◆ **Task requirements**
Starting at the line that contains "Soniya g Tuxedo Five-Piece Ethnic Suit, Black", return every line down to the end of the records below, exactly as written.

(Stored items from a collection)
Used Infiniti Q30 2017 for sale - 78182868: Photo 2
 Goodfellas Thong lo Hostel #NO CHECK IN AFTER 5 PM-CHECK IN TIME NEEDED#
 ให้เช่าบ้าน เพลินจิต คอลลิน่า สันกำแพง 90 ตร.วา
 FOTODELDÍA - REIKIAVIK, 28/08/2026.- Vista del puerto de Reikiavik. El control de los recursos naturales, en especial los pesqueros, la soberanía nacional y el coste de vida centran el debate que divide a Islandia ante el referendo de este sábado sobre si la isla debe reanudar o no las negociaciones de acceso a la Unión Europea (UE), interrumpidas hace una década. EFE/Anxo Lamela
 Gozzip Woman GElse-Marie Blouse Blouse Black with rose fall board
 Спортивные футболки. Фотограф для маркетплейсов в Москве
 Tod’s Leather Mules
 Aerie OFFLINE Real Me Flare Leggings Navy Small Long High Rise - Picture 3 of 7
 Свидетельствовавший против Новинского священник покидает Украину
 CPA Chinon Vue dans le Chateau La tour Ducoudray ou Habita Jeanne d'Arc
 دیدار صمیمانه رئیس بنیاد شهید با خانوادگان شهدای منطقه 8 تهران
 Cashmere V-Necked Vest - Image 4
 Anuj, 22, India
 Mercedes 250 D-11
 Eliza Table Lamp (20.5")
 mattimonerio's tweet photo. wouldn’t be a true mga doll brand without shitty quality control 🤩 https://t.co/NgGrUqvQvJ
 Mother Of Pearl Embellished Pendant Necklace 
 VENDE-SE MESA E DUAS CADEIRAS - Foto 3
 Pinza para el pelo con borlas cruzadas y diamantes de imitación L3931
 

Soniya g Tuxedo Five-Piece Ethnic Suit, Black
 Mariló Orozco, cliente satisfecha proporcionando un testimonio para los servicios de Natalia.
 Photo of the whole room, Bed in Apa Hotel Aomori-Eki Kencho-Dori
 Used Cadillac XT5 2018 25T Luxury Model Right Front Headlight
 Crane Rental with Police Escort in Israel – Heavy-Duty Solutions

◆ **Answer for this exercise**
Soniya g Tuxedo Five-Piece Ethnic Suit, Black
 Mariló Orozco, cliente satisfecha proporcionando un testimonio para los servicios de Natalia.
 Photo of the whole room, Bed in Apa Hotel Aomori-Eki Kencho-Dori
 Used Cadillac XT5 2018 25T Luxury Model Right Front Headlight
 Crane Rental with Police Escort in Israel – Heavy-Duty Solutions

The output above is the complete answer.